I am up to the section on relations, and I wanted to check I had understood what a relation is and how it is defined in relation to a set.
Devlin states that a if $P$ is a property that applies to pairs of elements of a set $x$, then it is often called a binary relation ($R$ hereafter) on $P$ though strictly speaking the relation concerns the set:
{$(a,b)|a \in X \land b \in X \in P(x,y)$}
This suggests to me that $R$ is a set, and it is a set of elements of $X$ which make $P$ true. Is this correct?

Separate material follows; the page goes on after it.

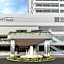Courtyard by Marriott Phuket Town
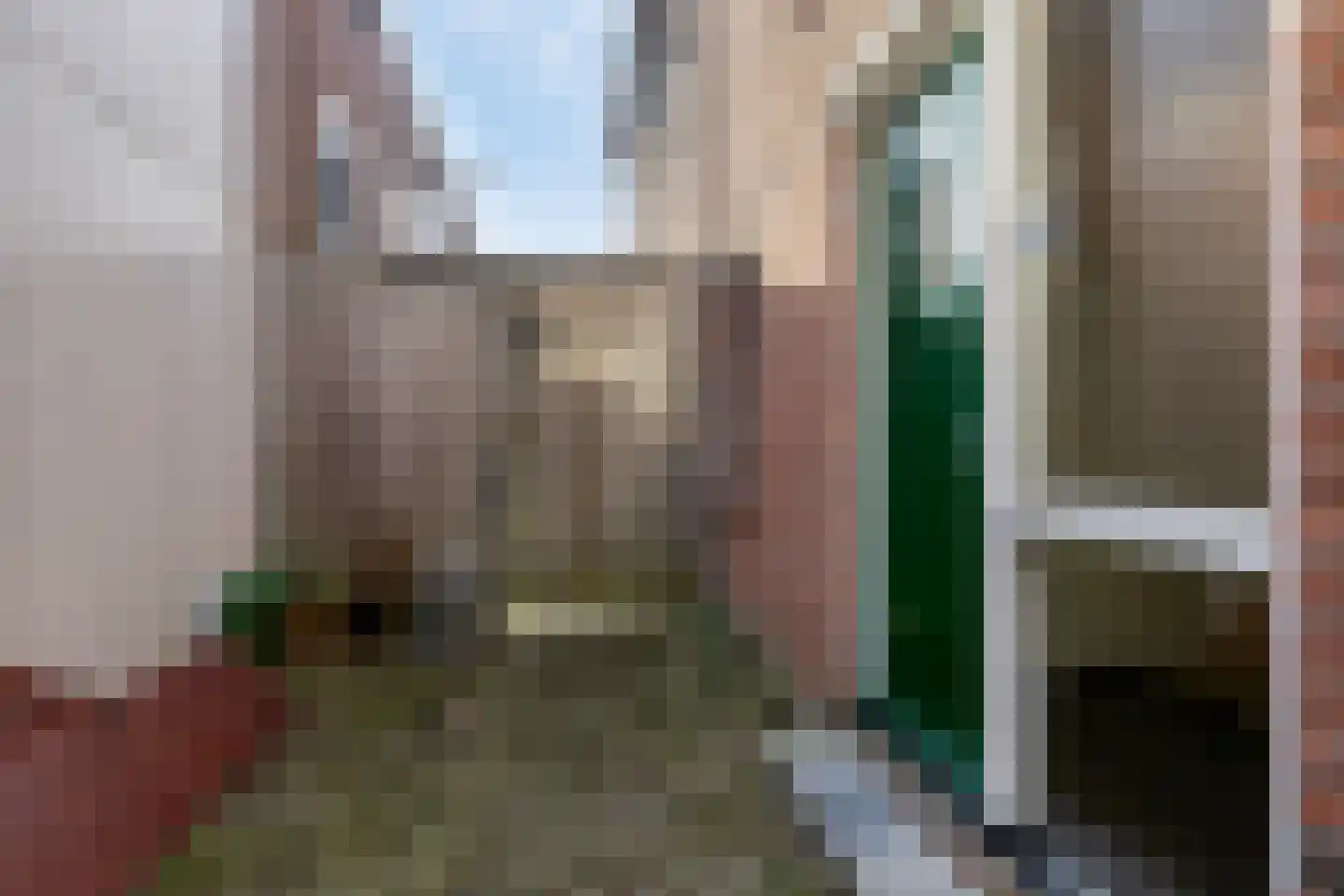 Tuinen 18 Leeuwarden thumbnail 6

For example: $X =$ {1, 2, 3, 4, 5}
If $R_1 = 2a$ where $a \in X$
Then $R_1 = $ {2, 4}
Because a unary relation on $X$ is defined to be a subset of $X$. Which means, although multiplying every element of $X$ by 2 gives {2, 4, 6, 8, 10}, only $2, 4 \in X$
If $R_2 = 2a + b | 2a + b$ is even
Then $R_2$ = {(1,2), (1,4), (2,2), (2,4), (3,2), (3,4), (4,2), (4,4), (5,2), (5,4)}
Because the pairs in $R_2$ are all of the ordered pairs of $X^2$ that make $R_2$ true.

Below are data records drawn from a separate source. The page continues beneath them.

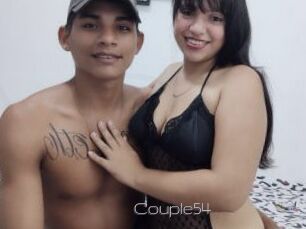 Couple54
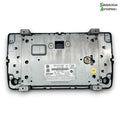 VW Golf 7 Au Radio, Multi Display Med OEM Nr. 5G0919605 Fra VW Ophugger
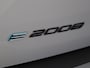 Peugeot e-2008 EV GT 54 kWh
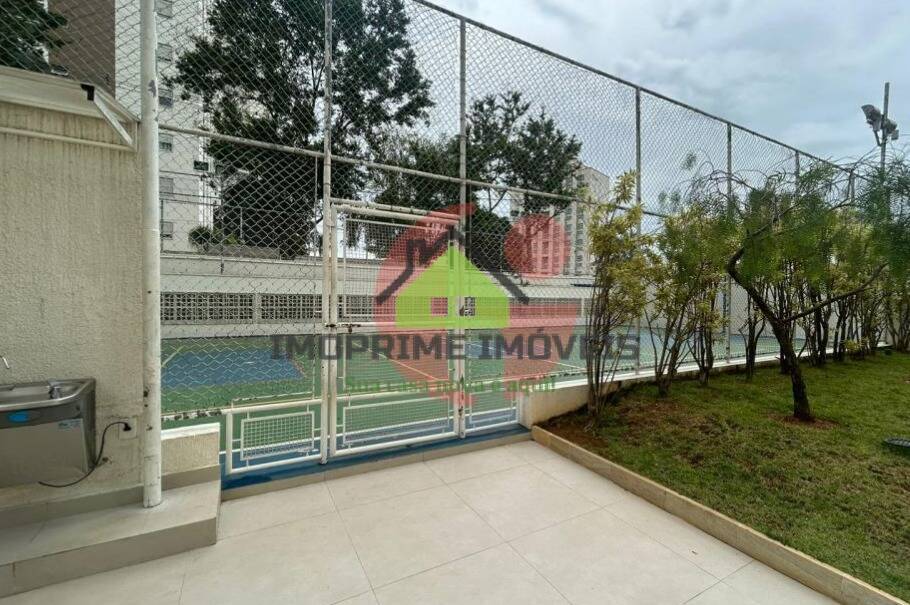 Apartamento, 3 quartos, 125 m² - Foto 34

Final example, if $R_3 = a + b + c | a + b + c = 3k, k \in$ Z
Then $R_3 = $ {(1,1,1), (1,1,4),...,(5,5,2), (5,5,5)}
Because the triples are all elements of $X^3$ which make $R_3$ true.
I ask because I am was struggling to appreciate the difference between $R$ and an equivalence relation - but that seems to be a relationship which is also reflexive, symmetric, and transitive.
Thank you in advance for any help or guidance.
Yes, a binary relation on $X$ is a subset of $X \times X$, and so it is also a set.
And yes, an equivalence relation is a special type of binary relation which is, as you said, reflexive, symmetric, and transitive.